Try it —
Copy exactly the lines of the material below that fall between the line with "Discover this charming" and the line with "An antique sterling", both of those lines included; pictures stay out.

Exercise material —

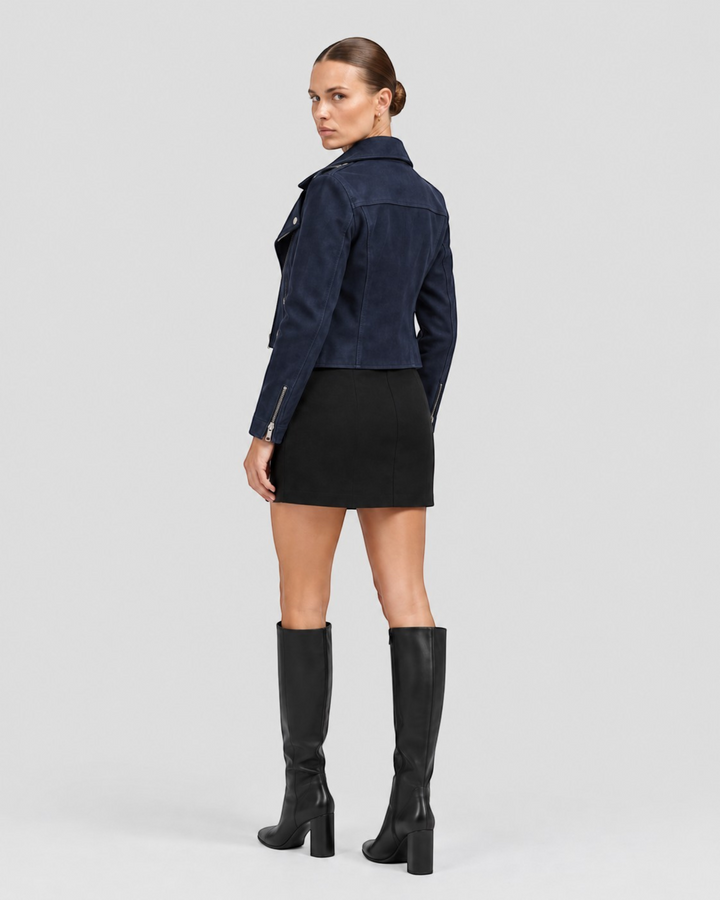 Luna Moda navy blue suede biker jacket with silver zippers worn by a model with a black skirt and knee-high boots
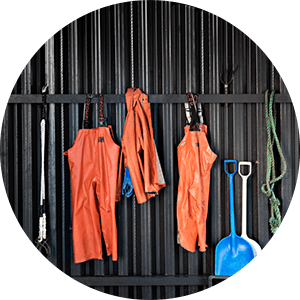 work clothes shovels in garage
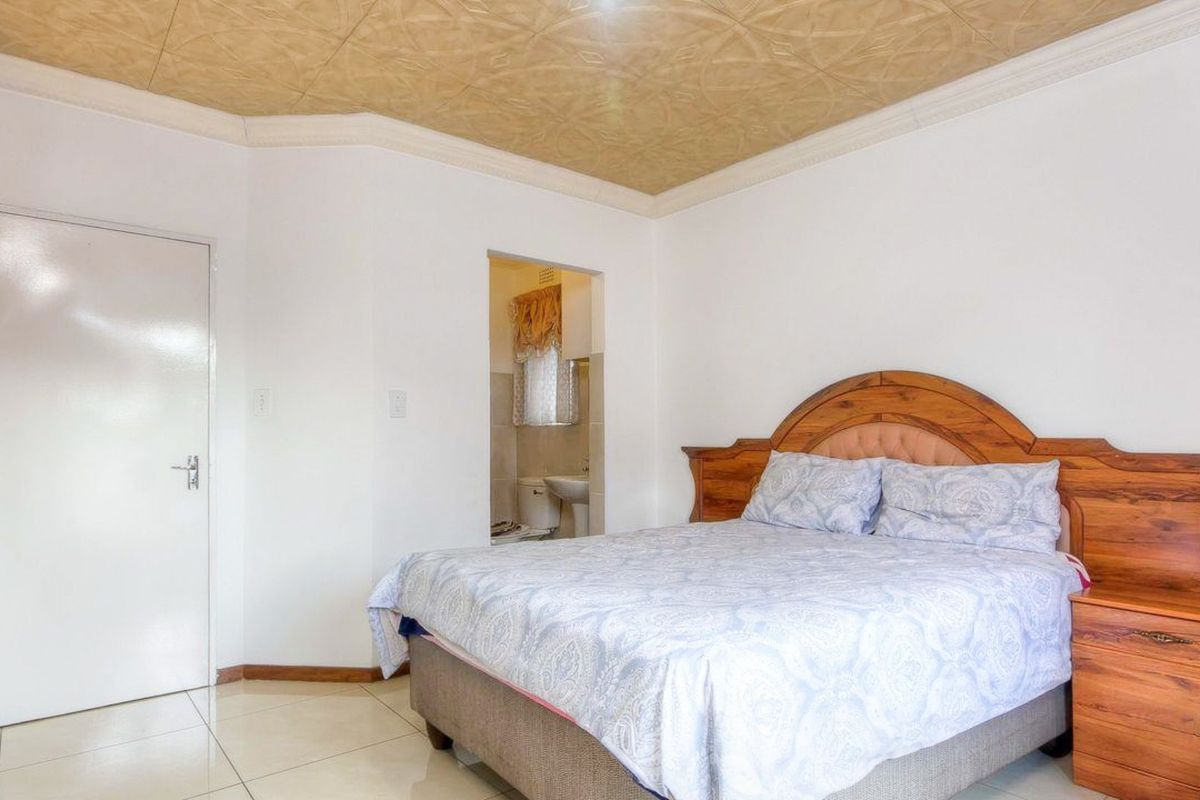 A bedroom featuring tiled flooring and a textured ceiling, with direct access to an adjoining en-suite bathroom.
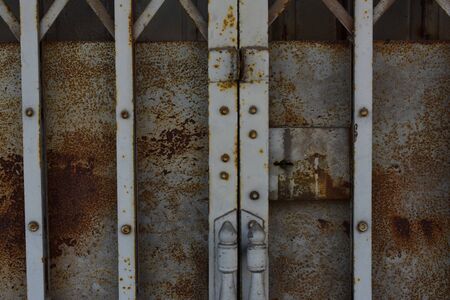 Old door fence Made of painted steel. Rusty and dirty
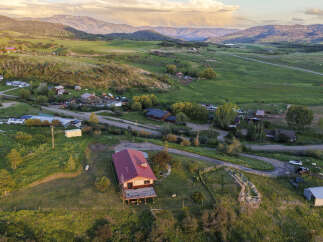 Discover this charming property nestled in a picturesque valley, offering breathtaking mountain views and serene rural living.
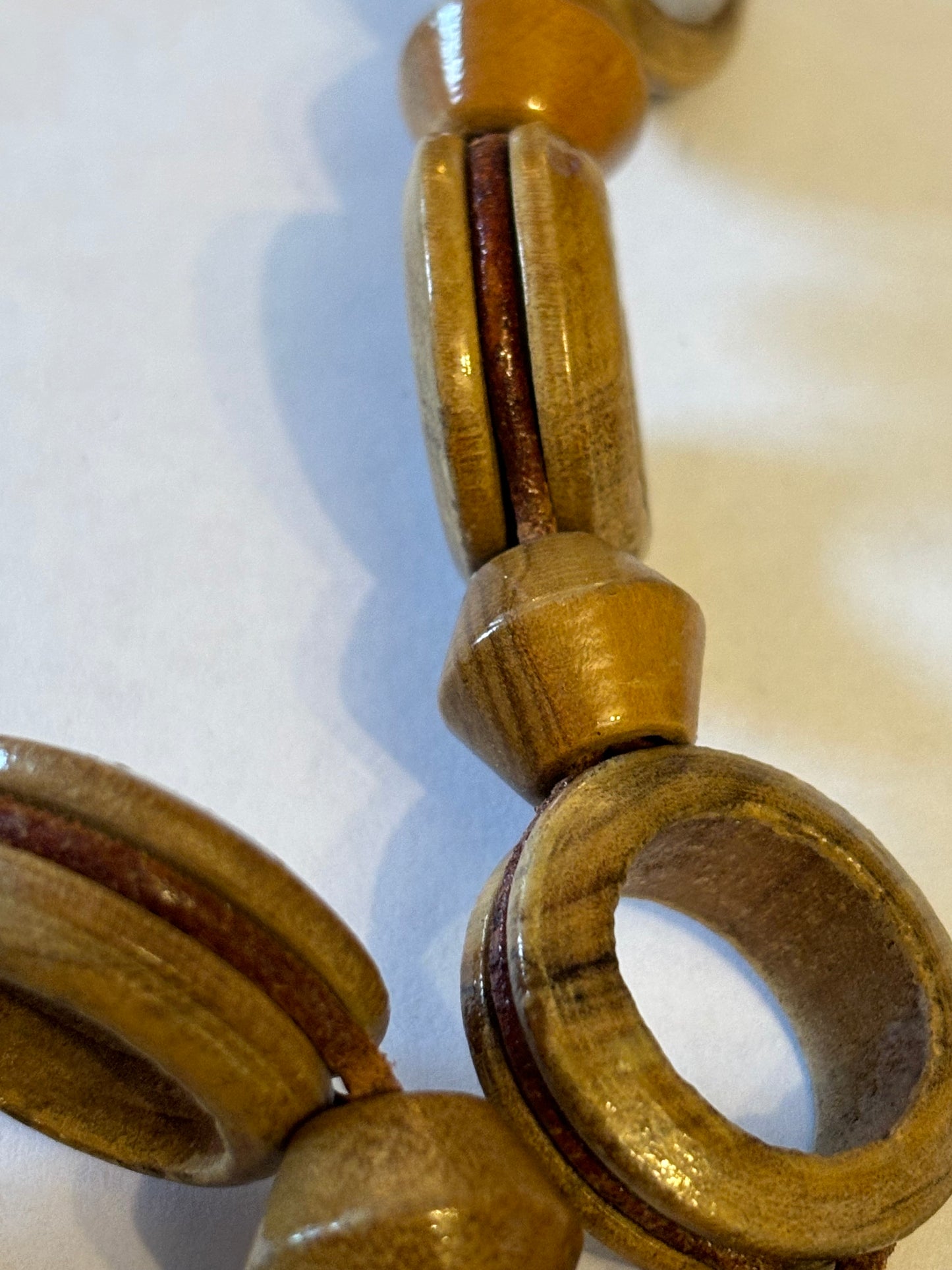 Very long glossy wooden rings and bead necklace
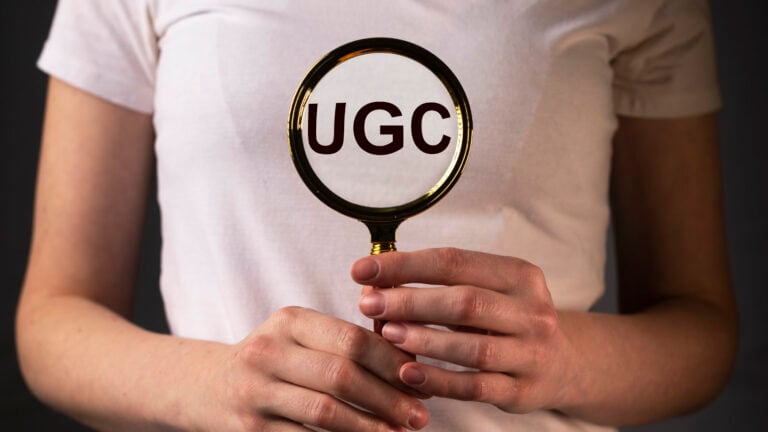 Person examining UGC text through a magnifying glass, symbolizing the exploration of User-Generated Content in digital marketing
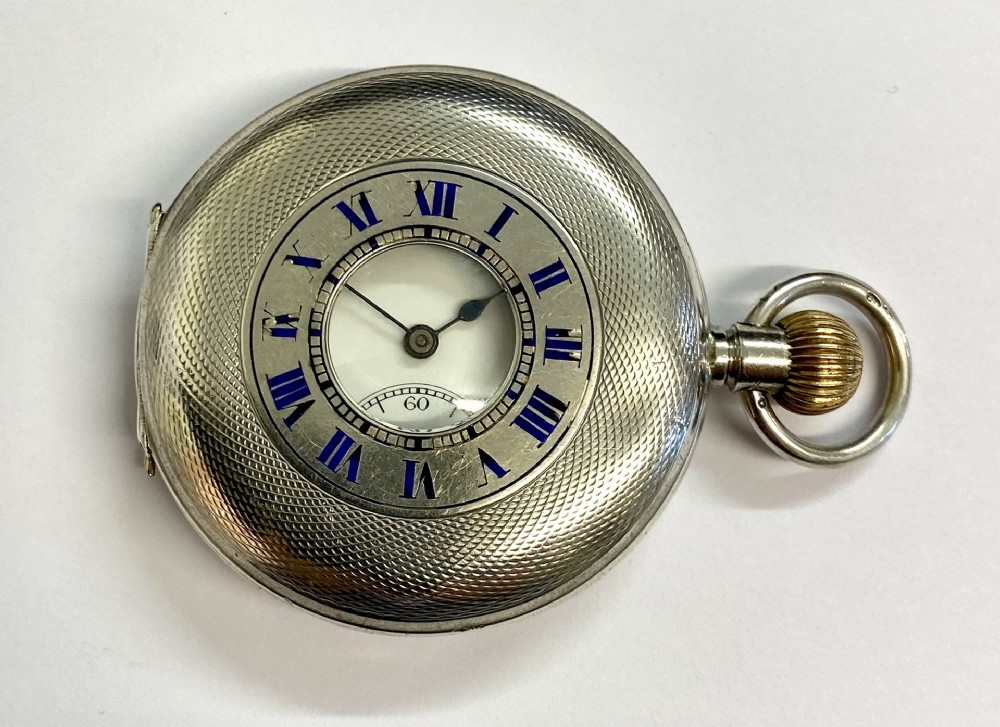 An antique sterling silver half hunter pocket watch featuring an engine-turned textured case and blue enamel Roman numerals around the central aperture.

---

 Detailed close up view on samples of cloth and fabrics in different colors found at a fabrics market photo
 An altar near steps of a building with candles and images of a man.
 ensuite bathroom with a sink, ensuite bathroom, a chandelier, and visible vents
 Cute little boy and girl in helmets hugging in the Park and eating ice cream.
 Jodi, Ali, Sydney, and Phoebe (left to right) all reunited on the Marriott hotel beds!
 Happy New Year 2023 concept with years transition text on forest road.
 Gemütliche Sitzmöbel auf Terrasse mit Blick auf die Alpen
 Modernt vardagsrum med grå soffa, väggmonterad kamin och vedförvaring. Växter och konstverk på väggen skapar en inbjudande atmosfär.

Reply to the exercise —
 Discover this charming property nestled in a picturesque valley, offering breathtaking mountain views and serene rural living.
 Very long glossy wooden rings and bead necklace
 Person examining UGC text through a magnifying glass, symbolizing the exploration of User-Generated Content in digital marketing
 An antique sterling silver half hunter pocket watch featuring an engine-turned textured case and blue enamel Roman numerals around the central aperture.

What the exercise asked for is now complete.